認知症の患者さんを施設に預けると「認知症が悪化するのでは?」と悩まれるご家族の声があります。実際、介護施設は認知症の症状を治せる場所ではないのですが、預けたから悪化するわけでもありません。
たしかに生活環境が変わることで人は不安を抱きます。認知症の患者さんでなくても、新しい土地で知らない人たちとの生活が始まれば戸惑ったり、ストレスもたまりますよね。認知症の方は変化に順応するのが厳しくなりますのでなおさらです。
アルツハイマー型認知症の患者さんは、中核症状として、新しいことが覚えられない「記憶障害」や、時間・場所・人が認識できなくなる「見当識障害」が起こります。住み慣れた自宅から施設に入所し、生活習慣や周囲の人間関係が変われば、適応できずに不安や混乱を招き、それによるストレスが認知症の症状の悪化の要因になります。
もちろん、施設に入所しても元気に生活される患者さんはたくさんいます。より良い環境を与えてあげるためにご家族ができることは、「安心」と「刺激」をつくってあげることです。

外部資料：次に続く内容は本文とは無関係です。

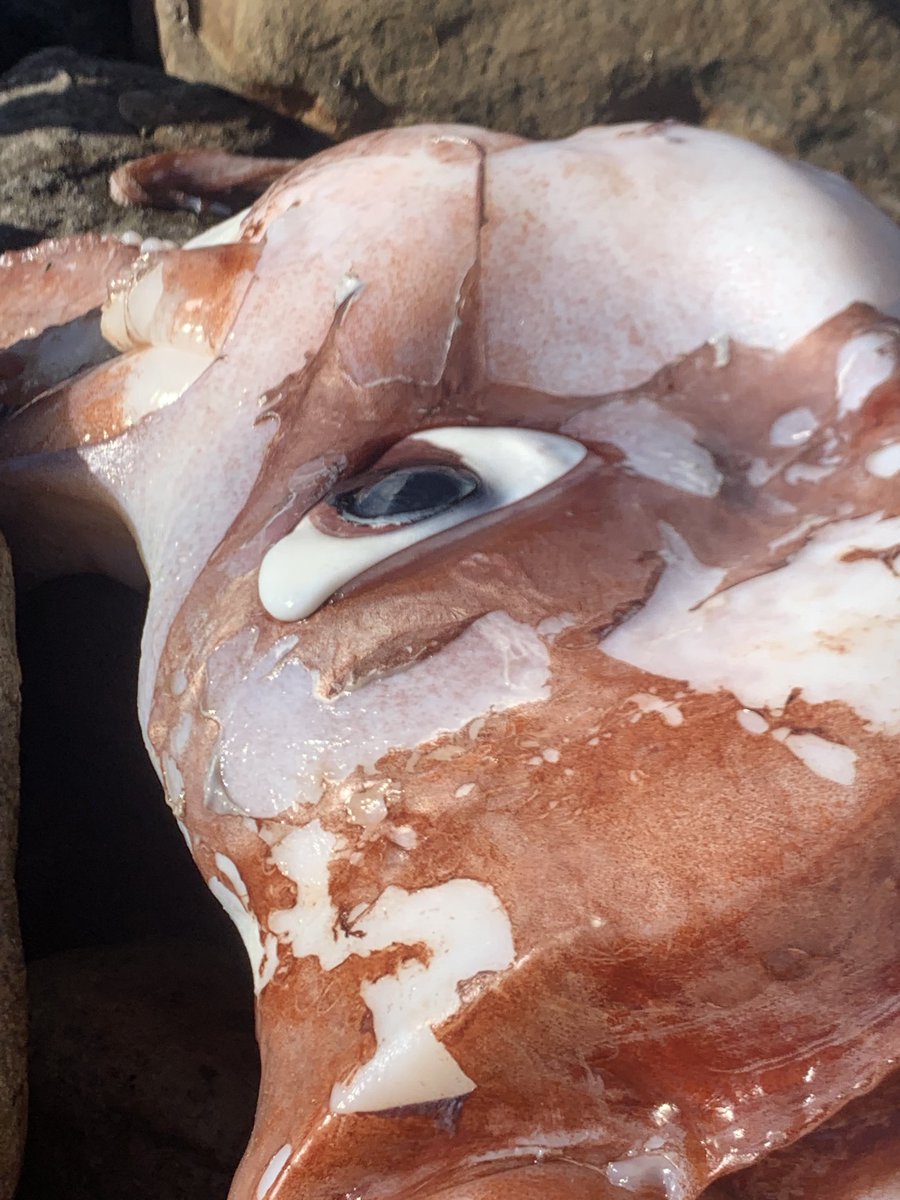 Giant squid species wrecked on Scarborough beach this morning. Its parrot beak in the first picture, its eye in the second. Special abysmal jellies. Where’s it to, you Moby Dick?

たとえば施設選びです。自宅から近い施設であれば、家族が面会に通いやすい。コロナ禍で難しい部分はありますが、入所後しばらくは施設にお願いし、週に数回は会話できる機会をつくるといいでしょう。オンラインでも構いません。その際は、お孫さんであったり、近所のお子さんなど、子供との交流がおすすめです。お互い覚えていなくても会話が成り立ち、子供による思いがけない言動は脳に刺激を与えます。さらに近所の施設なら、患者さんが職員の方などと一緒に見慣れた土地を散歩することも可能です。施設に昔の知り合いが入居していることもあるでしょうから、生活圏内で施設を探すのはひとつの方法です。